(Task data):
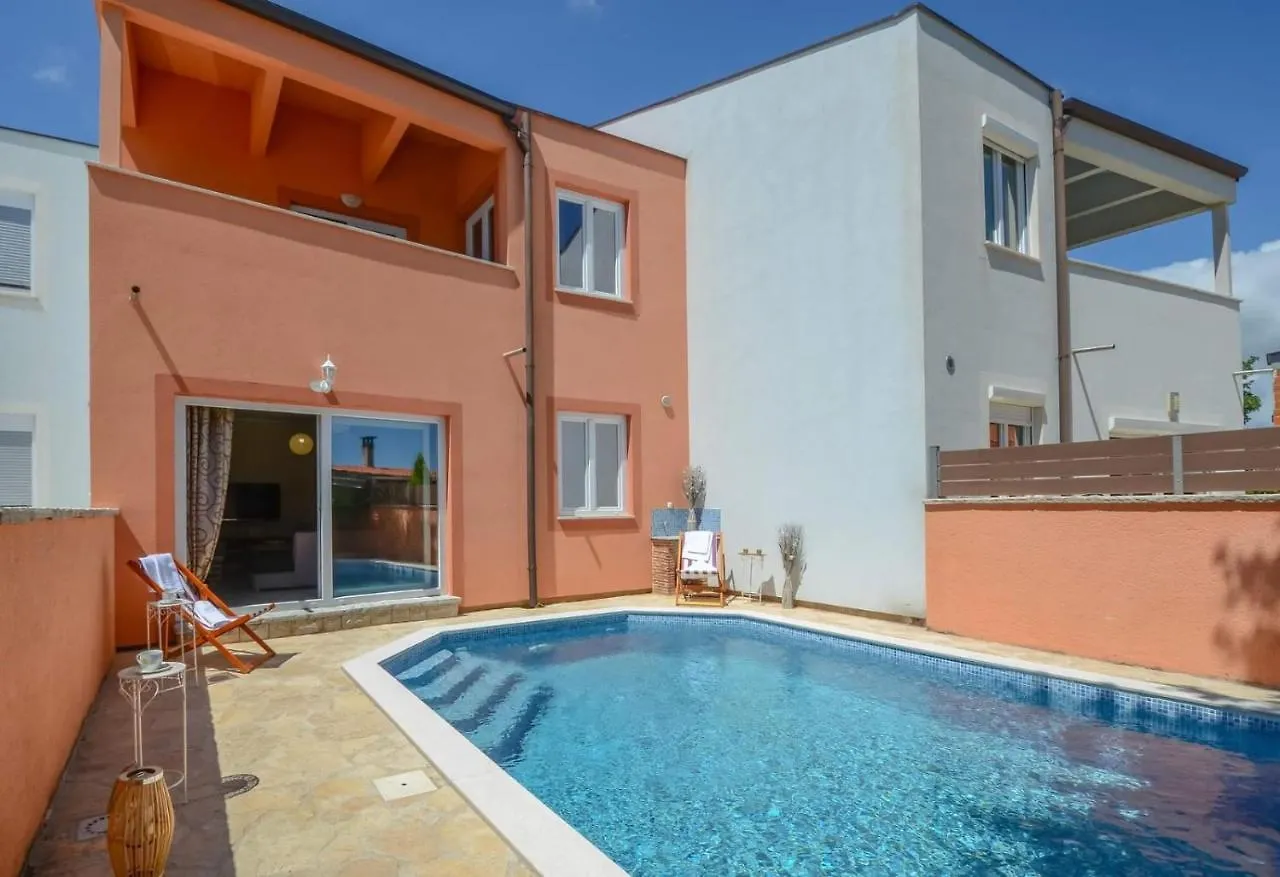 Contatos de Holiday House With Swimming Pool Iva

==

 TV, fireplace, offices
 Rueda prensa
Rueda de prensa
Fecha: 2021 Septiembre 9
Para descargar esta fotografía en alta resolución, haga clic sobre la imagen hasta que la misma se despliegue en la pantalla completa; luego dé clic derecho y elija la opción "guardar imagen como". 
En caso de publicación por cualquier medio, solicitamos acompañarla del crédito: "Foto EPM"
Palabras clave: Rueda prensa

(Exercise goal): Only the lines above starting with the one with "TV, fireplace, offices" and going through the one with "Palabras clave: Rueda prensa" are to be copied, word for word and with both ends kept.

(Finished task):
 TV, fireplace, offices
 Rueda prensa
Rueda de prensa
Fecha: 2021 Septiembre 9
Para descargar esta fotografía en alta resolución, haga clic sobre la imagen hasta que la misma se despliegue en la pantalla completa; luego dé clic derecho y elija la opción "guardar imagen como". 
En caso de publicación por cualquier medio, solicitamos acompañarla del crédito: "Foto EPM"
Palabras clave: Rueda prensa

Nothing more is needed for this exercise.